0

To be frank, I have an assignment that says, quite vaguely,

"If the file exists, the one-argument constructor allocates memory for the number of records contained in the file and copies them into memory."

Now, in considering this instruction, it would seem I am to allocate the dynamic memory /before/ copy the data over, and this seems in principle, impossible.

To dynamically allocate memory, to my knowledge, you require runtime definition of the size of the block to be reserved.

Given that the file size, or number of 'entries' is unknown, how can one possibly allocate that much memory? Does not the notion defeat the very purpose of dynamic allocation?

Solution wise, it would seem the only option is to parse the entire file, determining the size, allocate the proper amount of memory afterward, and then read through the file again, copying the data into the allocated memory.
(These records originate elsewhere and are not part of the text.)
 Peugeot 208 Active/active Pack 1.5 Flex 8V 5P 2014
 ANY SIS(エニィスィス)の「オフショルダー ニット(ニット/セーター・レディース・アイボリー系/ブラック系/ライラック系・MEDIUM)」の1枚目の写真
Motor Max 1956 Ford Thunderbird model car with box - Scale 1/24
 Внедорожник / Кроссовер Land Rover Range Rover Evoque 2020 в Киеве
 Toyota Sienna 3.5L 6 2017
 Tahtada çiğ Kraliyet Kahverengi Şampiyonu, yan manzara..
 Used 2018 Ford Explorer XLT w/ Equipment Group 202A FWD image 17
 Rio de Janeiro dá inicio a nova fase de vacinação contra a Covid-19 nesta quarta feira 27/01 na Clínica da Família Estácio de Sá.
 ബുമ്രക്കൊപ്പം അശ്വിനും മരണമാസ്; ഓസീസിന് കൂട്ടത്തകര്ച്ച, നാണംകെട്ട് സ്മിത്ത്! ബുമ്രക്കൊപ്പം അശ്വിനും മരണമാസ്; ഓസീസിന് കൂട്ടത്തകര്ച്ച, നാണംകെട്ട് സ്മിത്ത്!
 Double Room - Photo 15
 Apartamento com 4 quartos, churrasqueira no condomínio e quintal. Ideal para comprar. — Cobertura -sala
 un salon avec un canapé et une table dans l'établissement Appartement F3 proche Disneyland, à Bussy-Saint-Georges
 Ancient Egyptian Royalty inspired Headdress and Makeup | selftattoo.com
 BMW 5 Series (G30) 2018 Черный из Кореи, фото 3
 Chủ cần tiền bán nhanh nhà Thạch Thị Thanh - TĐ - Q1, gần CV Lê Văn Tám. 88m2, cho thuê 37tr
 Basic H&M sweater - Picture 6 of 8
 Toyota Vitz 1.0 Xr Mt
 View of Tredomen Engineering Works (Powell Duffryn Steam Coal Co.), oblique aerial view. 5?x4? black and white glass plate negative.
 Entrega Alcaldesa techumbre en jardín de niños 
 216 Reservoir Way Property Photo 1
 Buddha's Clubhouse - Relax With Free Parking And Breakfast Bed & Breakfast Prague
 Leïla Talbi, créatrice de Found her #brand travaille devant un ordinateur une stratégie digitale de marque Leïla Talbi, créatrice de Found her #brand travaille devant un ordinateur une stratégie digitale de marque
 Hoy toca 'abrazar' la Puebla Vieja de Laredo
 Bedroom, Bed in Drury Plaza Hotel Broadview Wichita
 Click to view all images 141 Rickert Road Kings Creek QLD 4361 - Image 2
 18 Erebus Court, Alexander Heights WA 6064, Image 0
Given that this must be a common operation in any program that reads file data, I wonder: What is the proper, or most efficient way of loading a file into RAM?

The notion of reading once to determine the size, and then again to copy seems very inefficient. I assume there is a way to jump to the end of the file to determine max length, which would make the process faster. Or perhaps using a static buffer and loading that in blocks to RAM?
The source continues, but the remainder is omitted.